Leading the Way – Aboriginal and Torres Strait Islander Health Leaders – Panel

The health experiences and outcomes for Aboriginal and Torres Strait Islander people and communities across Queensland are significant. Most importantly, much of the work on integrating health care services and strengthening the health of people and communities is being led by Aboriginal and Torres Strait Islander leaders. This panel discussion is a chance to meet some of these leaders and learn what their priorities are, the importance of working with community on meeting these priorities and some of their success stories. These are relatively new roles – strategically influencing decision-making at a high level to ensure the cultural, emotional, social and health needs of Aboriginal and Torres Strait Islander people are at the forefront of decisions and policy.

Yarning Circle – Strengthening Aboriginal and Torres Strait Islander Voices

The Yarning Circle is a name that has been given to the traditional Aboriginal process of sitting down and talking and listening to, and learning from, each other. It is a traditional practice that continues today with Aboriginal and Torres Strait Islander peoples.

The most important basic principle of Yarning is respectful listening.

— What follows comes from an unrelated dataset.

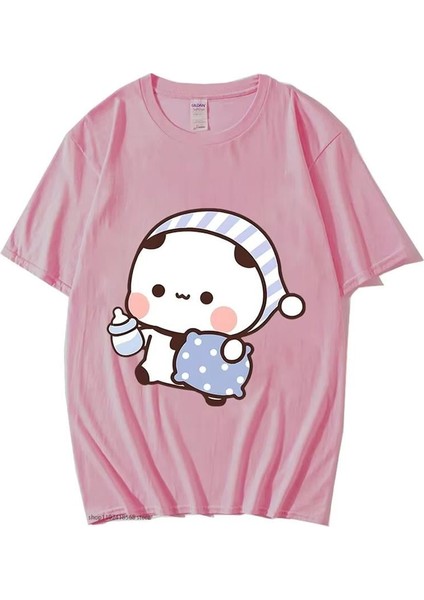 Pembe Bubu Dudu Panda Sleepy Çift Unisex T-Shirt
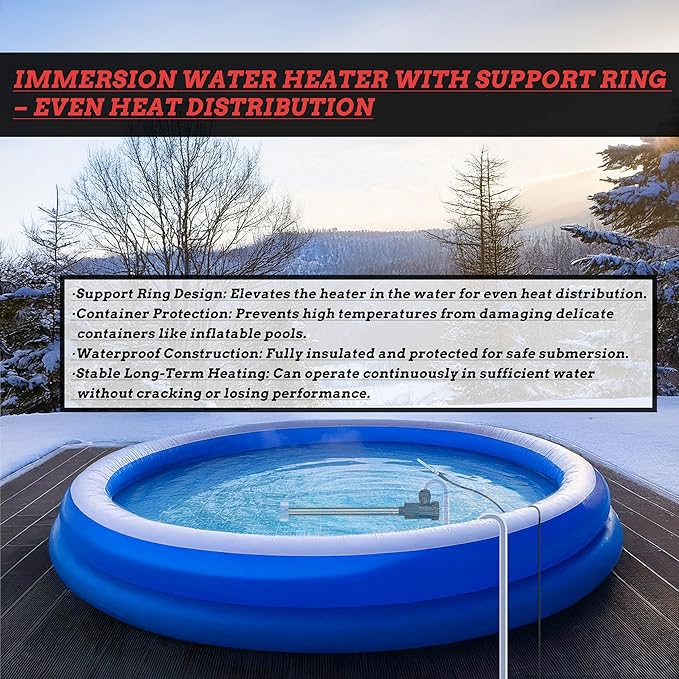 1500W Hot Tub Titanium Immersion Water Heater with Temp Control & GFCI – Submersible Electric Heater for Above-Ground Pool, Spa, Bucket, Baptistry, Baptismal Pool, Bathtub & Inflatable Pool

Respectful listening requires the listener to not formulate a response, verbally or mentally, until they have heard everything the speaker has to say. There is then a process, or series of steps, of being accountable for one’s response.

A Yarning Circle is about being responsible for what we say, being respectful to others when we have something to say and, being accountable for ensuring a safe Yarning Circle environment.

Tjapukai Dancers

Watch Indigenous performers from Tjapukai bring the world’s oldest living culture to life through traditional dance.